Records START

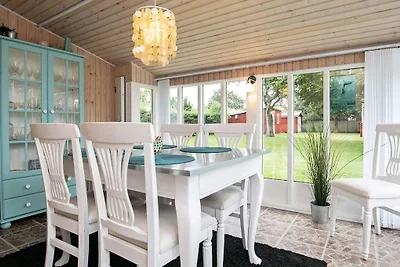 4 Personen Ferienhaus in Esbjerg V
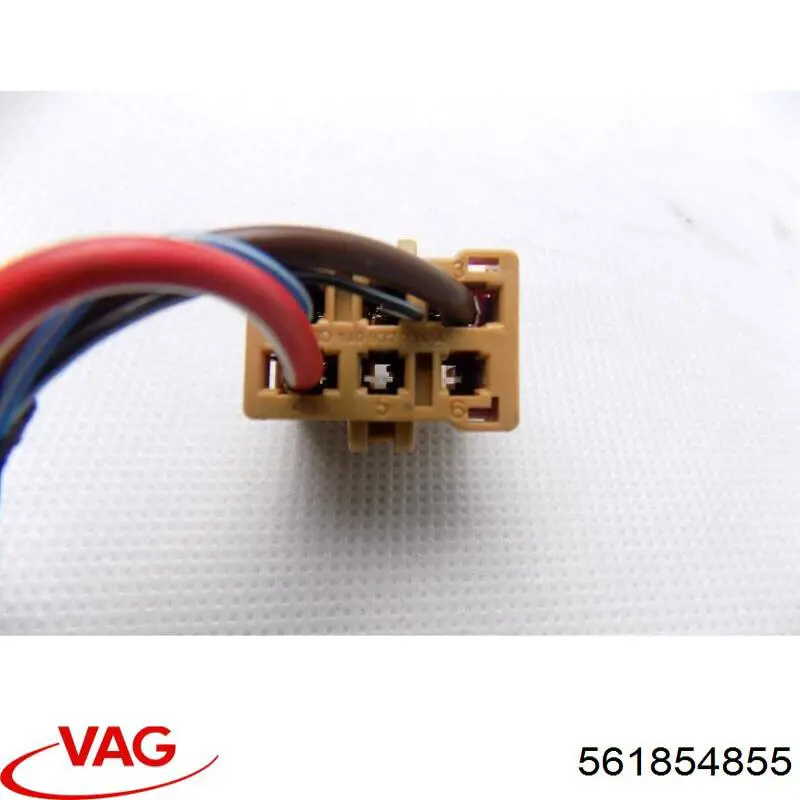  VAG 561854855 ціна, від 4.23 USD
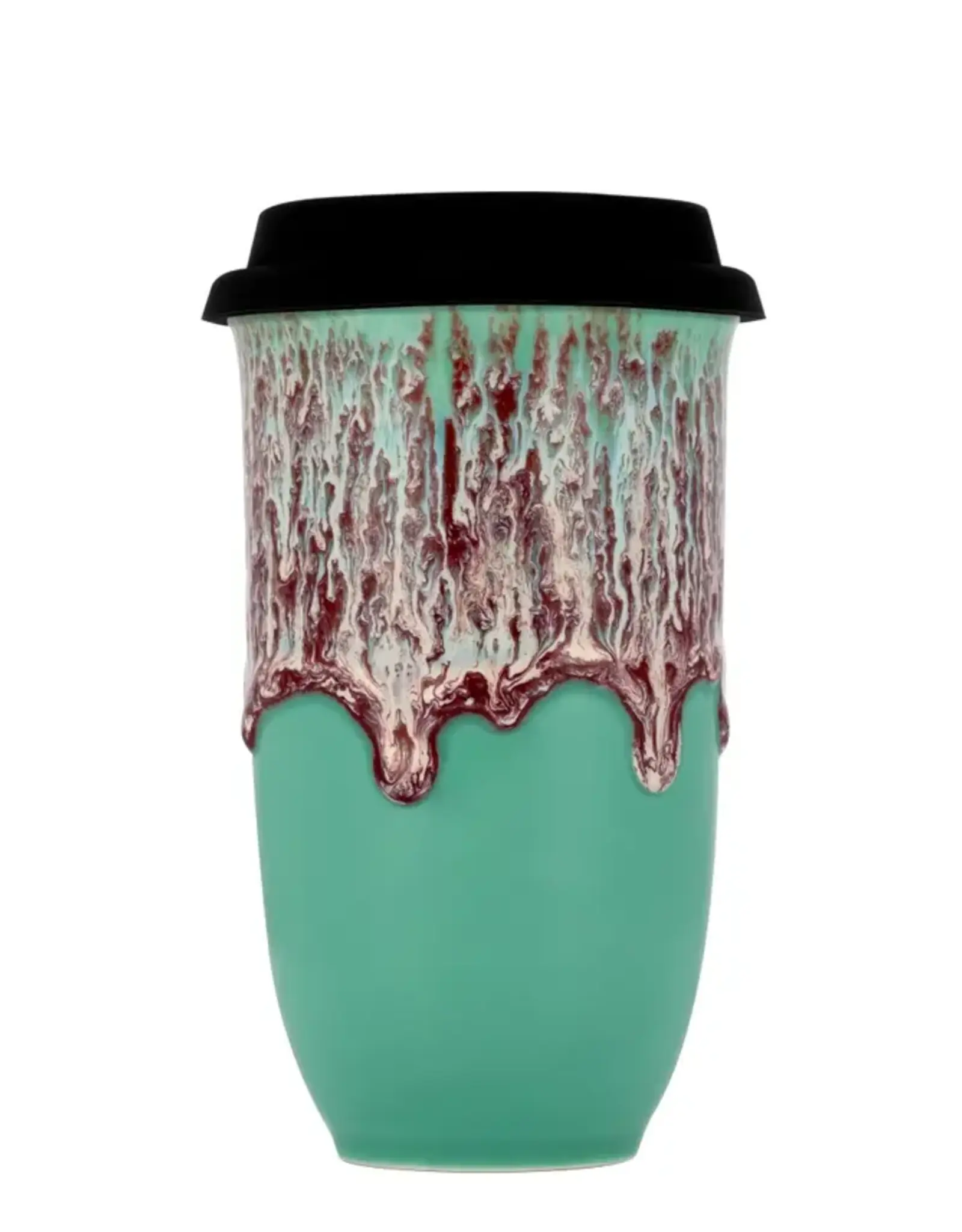 Nebula Ceramic Travel Mug 16oz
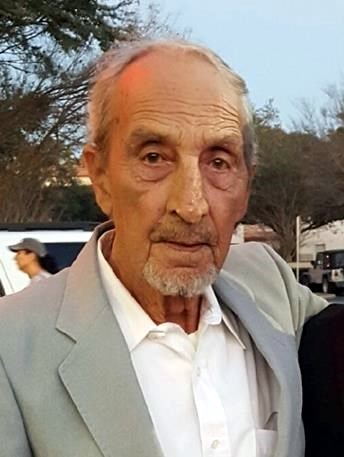 Obituary of Donald Russell Whitted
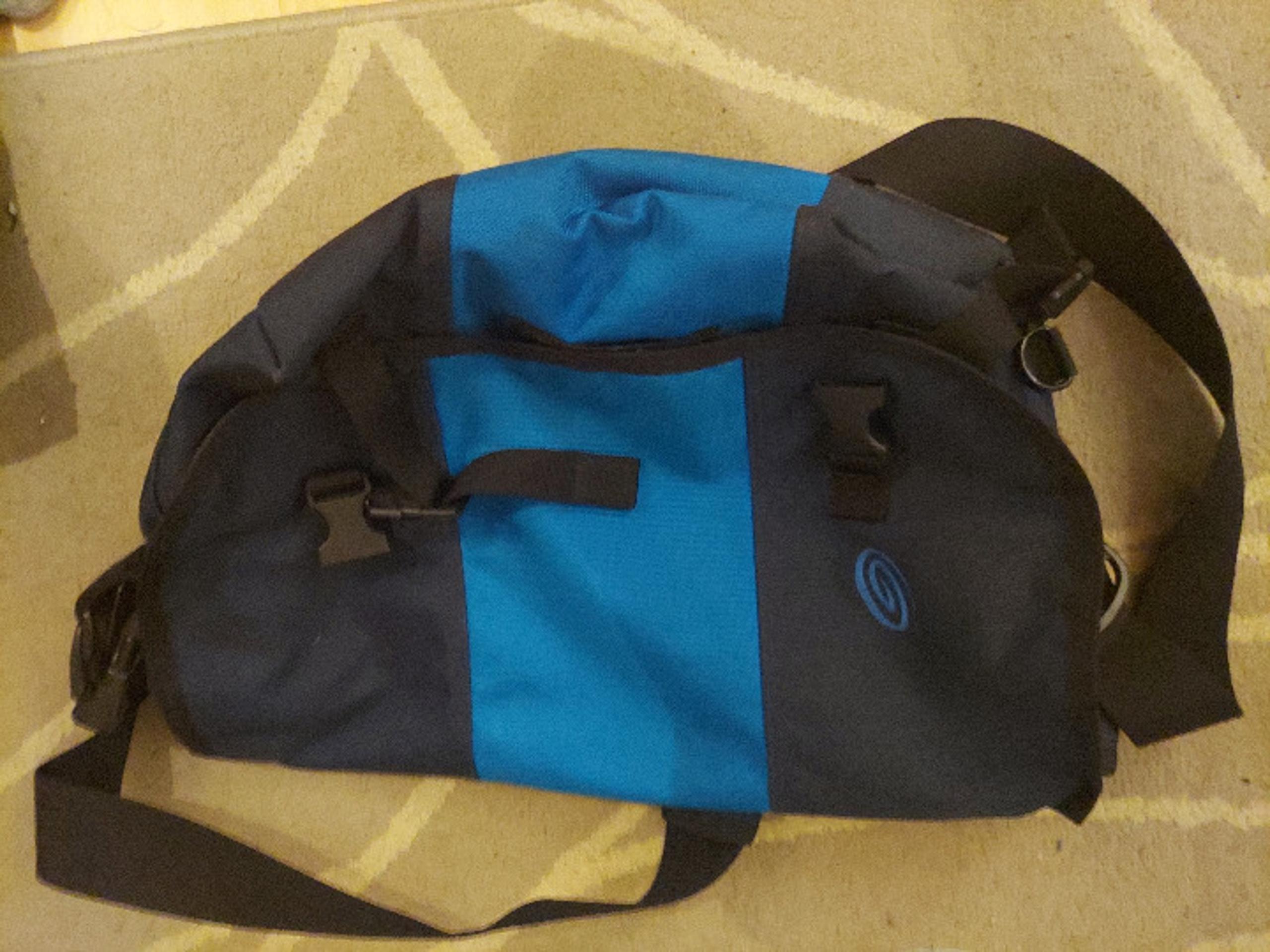 Timbuk2 Messenger Bag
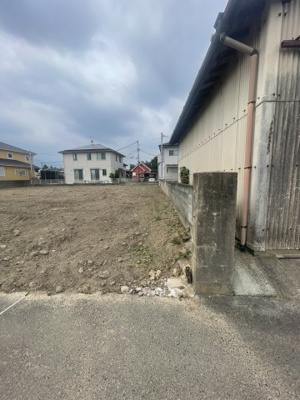 【外観】 | 田主丸町田主丸土地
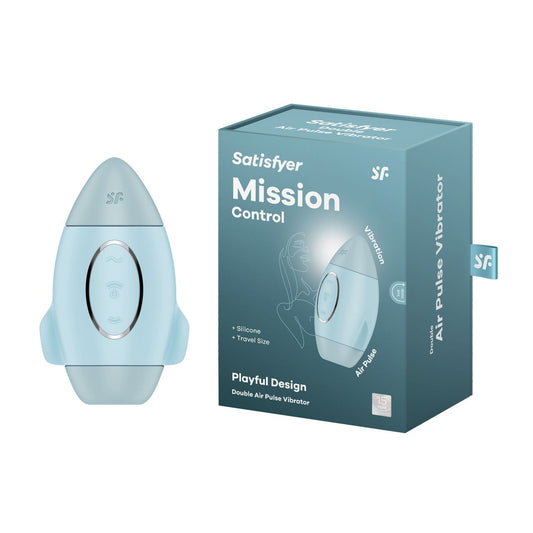 SATISFYER Mission Control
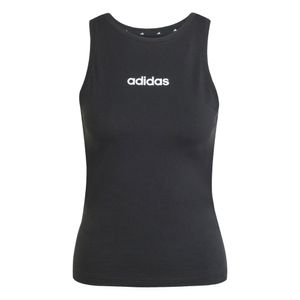 MUSCULOSA ADIDAS ESSENTIALS LINEAR SJ TK MODA NGO MUJER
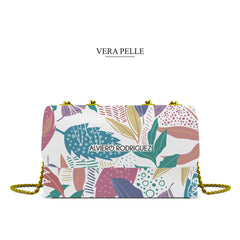 Borsa Madame Bianca Artistic Season
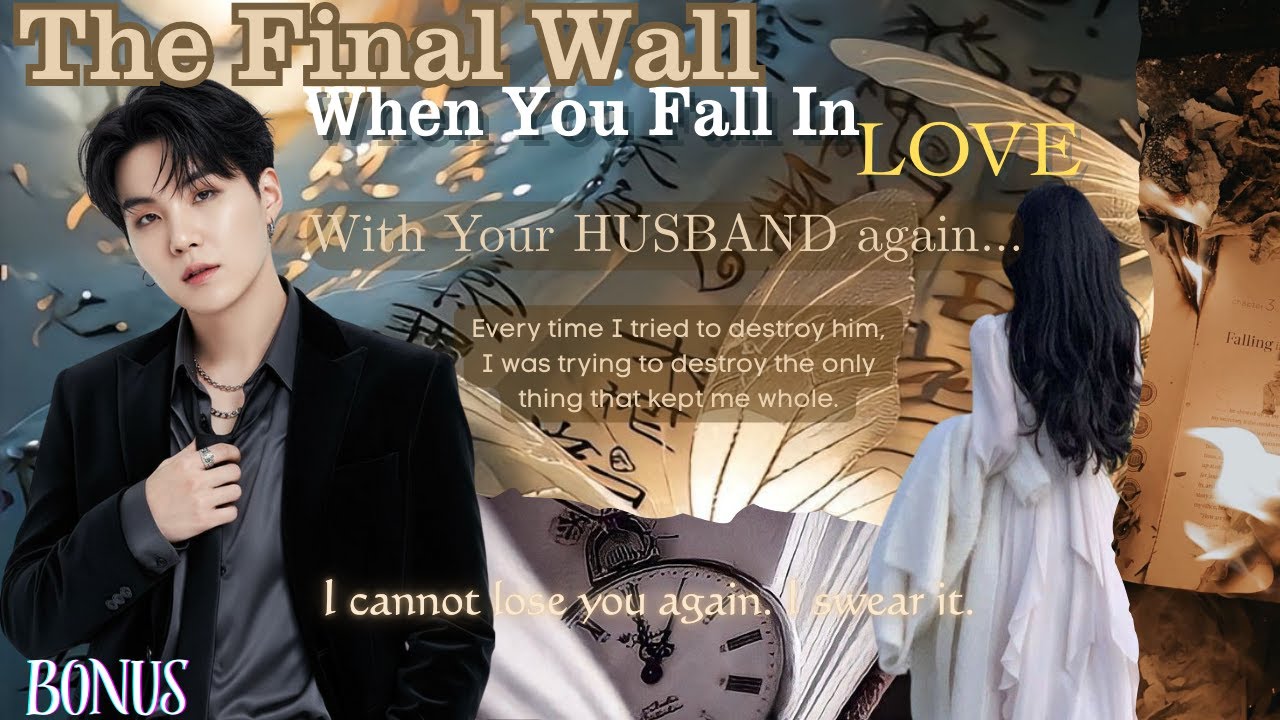 When Love Finds You Again | Yoongi x Reader (Bonus FF)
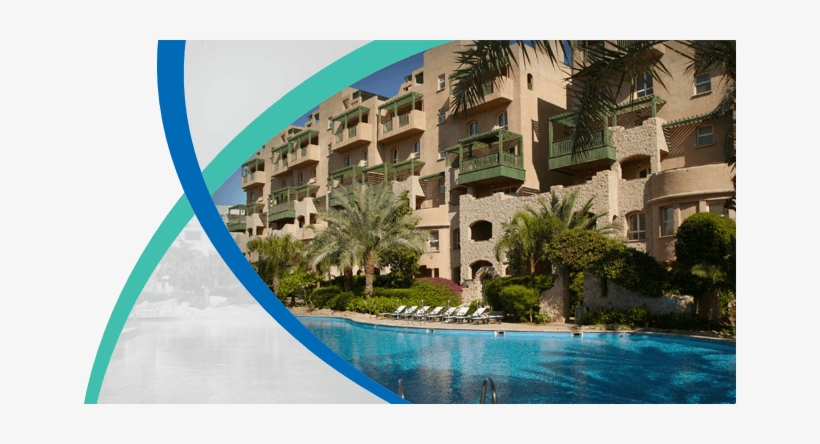 Arab Hotel Association - Resort, transparent png download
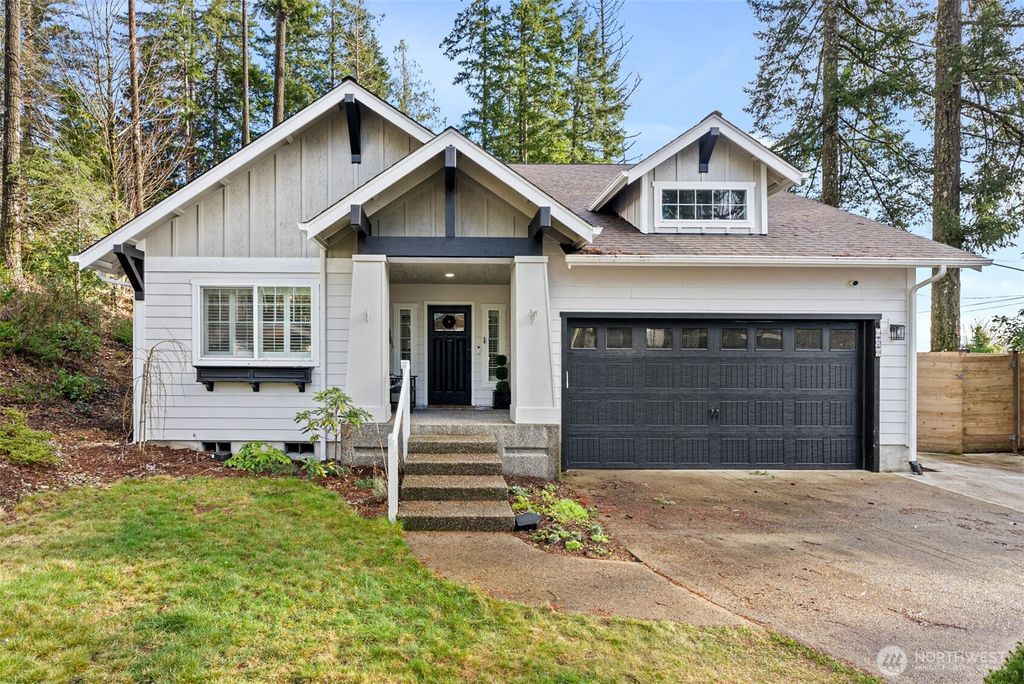 Photo of 20 E Tall Timber Lane, Shelton, WA 98584 (MLS # 2464739)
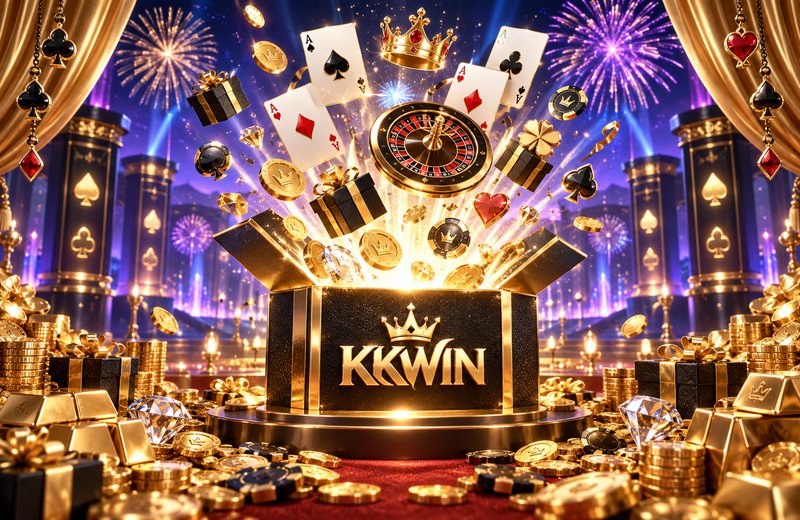 Blackjack: tránh thao tác vội khi hết giờ tại KKWIN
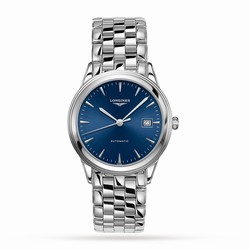 Longines Flagship 38.5mm Mens details L49744926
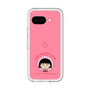 スリムプロテクションプレミアムケース［ ちびまる子ちゃん - まる子A ］
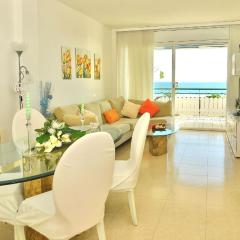 Winahost El balcón al mar de Cubelles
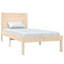 Bed Frame Solid Wood-1676091150-1676091144
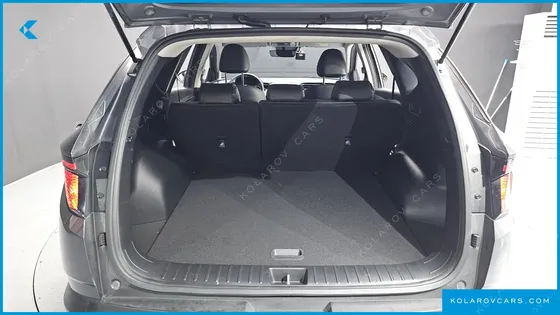 HYUNDAI TUCSON MODERN 2WD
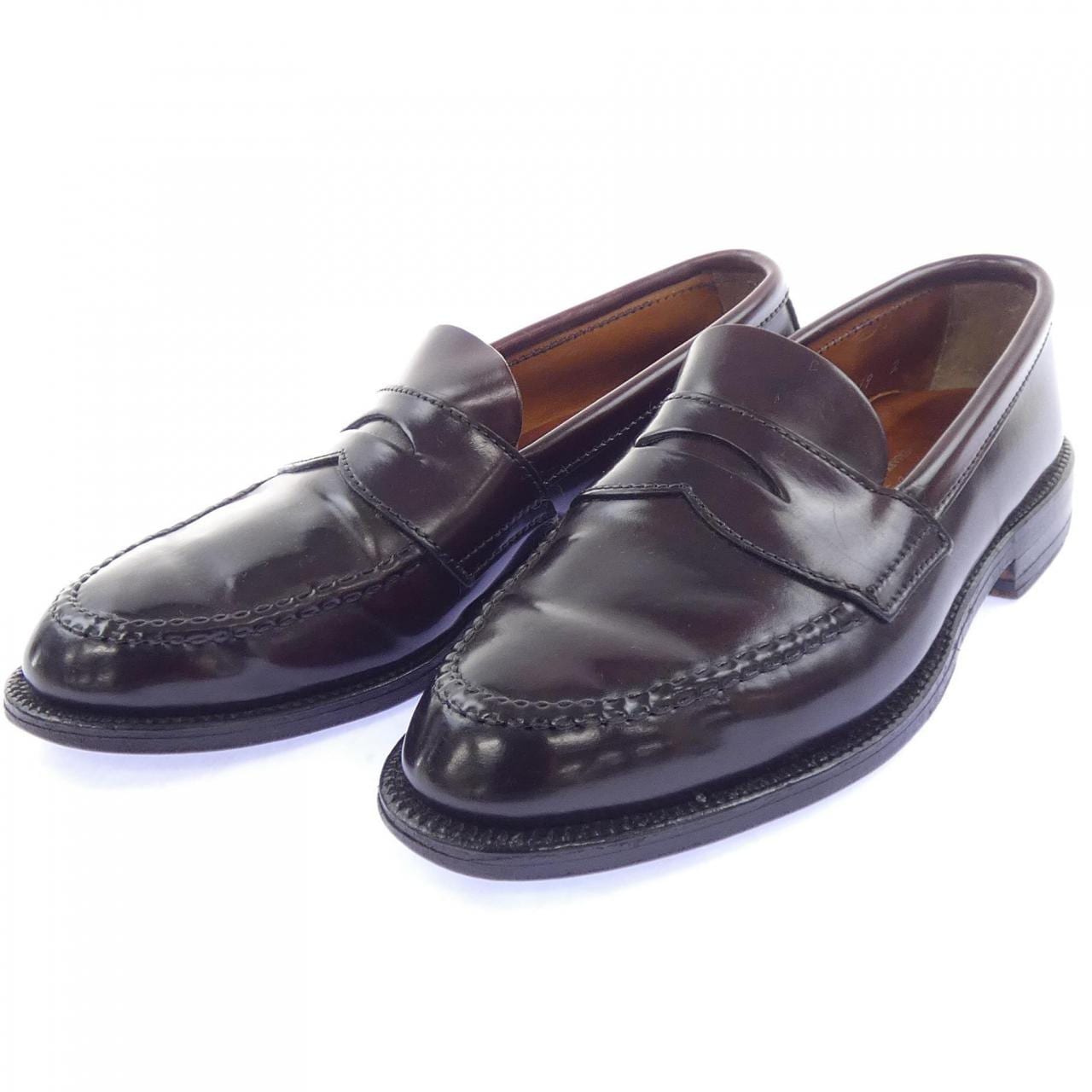オールデン ALDEN 4D11 シューズ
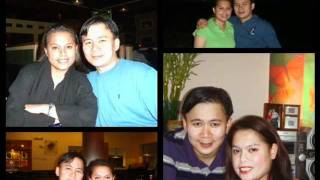 The One Who Won My Heart - Christian Bautista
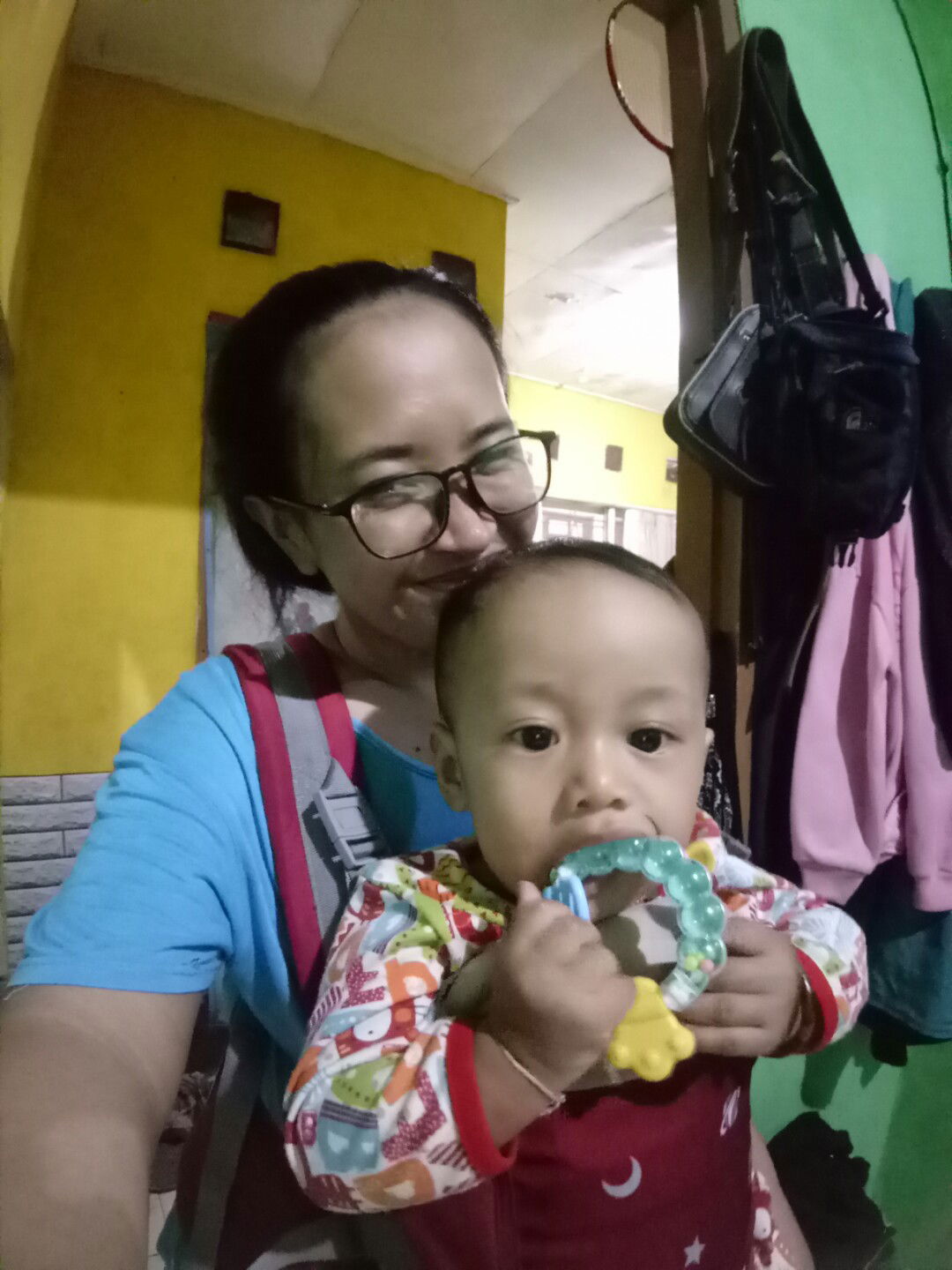 Dyah Wiji profile icon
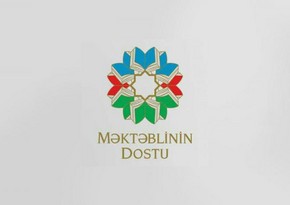 2025-ci ildə dövlət büdcəsindən “Məktəblinin dostu” layihəsinə 7 milyon manat ayrılacaq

Records END

> **Description of the task**
Output the records exactly as they appear, skipping any pictures.

> **Result of the exercise**
 4 Personen Ferienhaus in Esbjerg V
  VAG 561854855 ціна, від 4.23 USD
 Nebula Ceramic Travel Mug 16oz
 Obituary of Donald Russell Whitted
 Timbuk2 Messenger Bag
 【外観】 | 田主丸町田主丸土地
 SATISFYER Mission Control
 MUSCULOSA ADIDAS ESSENTIALS LINEAR SJ TK MODA NGO MUJER
 Borsa Madame Bianca Artistic Season
 When Love Finds You Again | Yoongi x Reader (Bonus FF)
 Arab Hotel Association - Resort, transparent png download
 Photo of 20 E Tall Timber Lane, Shelton, WA 98584 (MLS # 2464739)
 Blackjack: tránh thao tác vội khi hết giờ tại KKWIN
 Longines Flagship 38.5mm Mens details L49744926
 スリムプロテクションプレミアムケース［ ちびまる子ちゃん - まる子A ］
 Winahost El balcón al mar de Cubelles
 Bed Frame Solid Wood-1676091150-1676091144
 HYUNDAI TUCSON MODERN 2WD
オールデン ALDEN 4D11 シューズ
 The One Who Won My Heart - Christian Bautista
 Dyah Wiji profile icon
 2025-ci ildə dövlət büdcəsindən “Məktəblinin dostu” layihəsinə 7 milyon manat ayrılacaq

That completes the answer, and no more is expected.